“Young man, in mathematics you don’t understand things. You just get used to them.” John von Neumann.
Continuing the discussion on what does it mean to understand a proof, and following up on the discussion on a recent post by Gowers, I would like to bring up the question of what does it mean for a mathematical proof to be difficult.
First of all, I think it is important, again, to distinguish between the perspective of the person conceiving the proof and the person reading (or trying to understand) the proof.
Proofs that are hard to read
From the perspective of the reader, a proof may seem hard (or at least harder than it needs to be) simply because of the style of exposition, as already discussed.
Even some flawlessly presented papers, however, can be hard to follow, because of the complexity of the technical machinery used by the author. In many areas that have developed very sophisticated tools (PCP constructions, for example), every paper might look very complicated to the non-expert, because of the need to “interface” with the very complicated context, or the need to re-prove “standard” results because they were never stated exactly in the way that is needed and so on. To the expert, however, many such paper look relatively simple, in the sense that given the basic ideas, which can often be summarized in a few sentences, it is “routine” to reconstruct the rest of the paper. (More later on what this means for the value of such papers.)

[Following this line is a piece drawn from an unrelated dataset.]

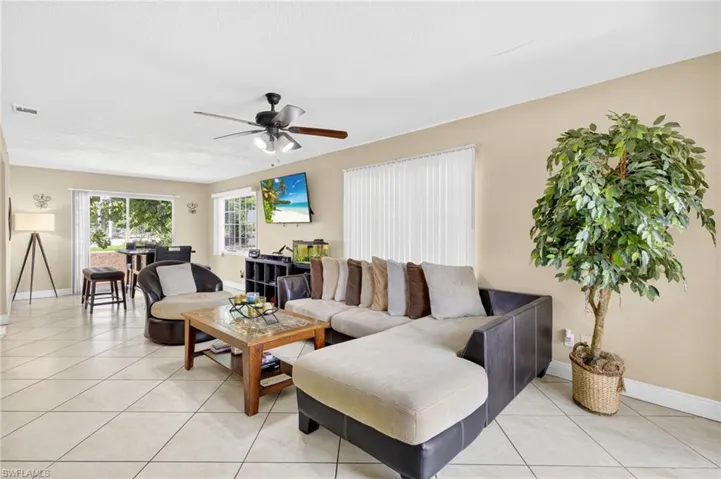 Living area with a ceiling fan and light tile patterned floors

Finally, there are well-presented papers which baffle the experts (sometimes, this includes the authors). I am thinking, for example, of the Khot-Vishnoi paper on sparsest cut. Those are papers that introduce new techniques that are not yet fully understood. (Meaning, for example, that the full extent of their applicability and generality is not clear yet.) They contain the genuinely difficult proofs, and they are the ones that are most useful to study. Note that, here, I am considering difficulty as a transient, not an intrinsic property: at some point the techniques become used over and over, a theory is built around them, we know how to make use of them, and they become “understood,” or “simple” to the experts. Needless to say, this process of clarification and simplification is extremely useful, and should be well regarded and rewarded, as it usually is. (Most of my research is of this type, and I cannot complain for the way it is received.)
Proofs that are hard to conceive
What about difficulty from the perspective of authors? Clearly, papers like the ones I just described are as difficult (or more) to come up with than to understand for the experts. One is devising new techniques and exploiting them on the fly, and it is a miracle when it all works out.
What about papers that seem difficult to non-experts and are easy (when properly presented) to experts? Here it depends. Sometime, given the right tools, the result is just routine application of the technical machinery, no harder to conceive than to verify. Sometimes, however, even if the main idea of the paper can be expressed in one sentence, that one idea can be the result of endless attempts, blind alleys, complicated first attempts, later simplifications, and so on. Of course, papers of the first type are nearly (but not completely) useless, and papers of the second type are very good.
The value of technical work
There was recently a discussion in the theory community about the value of “conceptual” papers, which, perhaps unpredictably, turned in part into a discussion on the value of “technical” papers. At the time, I completely agreed (as I still do) with statements such as “all other things being equal, a simpler proof is better than a harder one,” but I had a problem with some of the conclusions that were being drawn.
Leaving aside the issue of papers whose main contribution is a new definition or a new model (which are, in fact, the “conceptual” papers that the original statement dealt with), when we look at a paper proving a new result and introducing a new idea, then, all other things being equal, we want the authors the explain their idea and distill their proof in the simplest possible way. However, another point is also true: that given two well presented papers, both simplified as much as they can be, the more complicated one is the one that uses the more complex technical tools, and a new ideas about complex machinery is more valuable than a new ideas about simpler machinery, because the former makes powerful tools even more powerful. And, as argued above, the technical papers which are going to be more useful (by stimulating the construction of new theoretical thinking around their tools) are the mystifying ones.
- writing papers just because you can, employing difficult techniques in routine ways: BAD
(but even such papers may be somewhat useful, I may return to this point in a later post.)
- presenting a needlessly complicated version of a potentially simple argument: VERY BAD
- having a new idea on how to use difficult techniques, and explaining it as transparently as possible: GOOD
(but such papers would still be hard to read for the non-experts)
- making breakthroughs by conceiving new ways of doing things: VERY GOOD
- finding the “right” way to understand a previously mystifying argument: GOOD
(And, of course, coming up with a new definition or model that extends the reach of theoretical work: VERY EXCELLENT; but this was not the subject of this post.)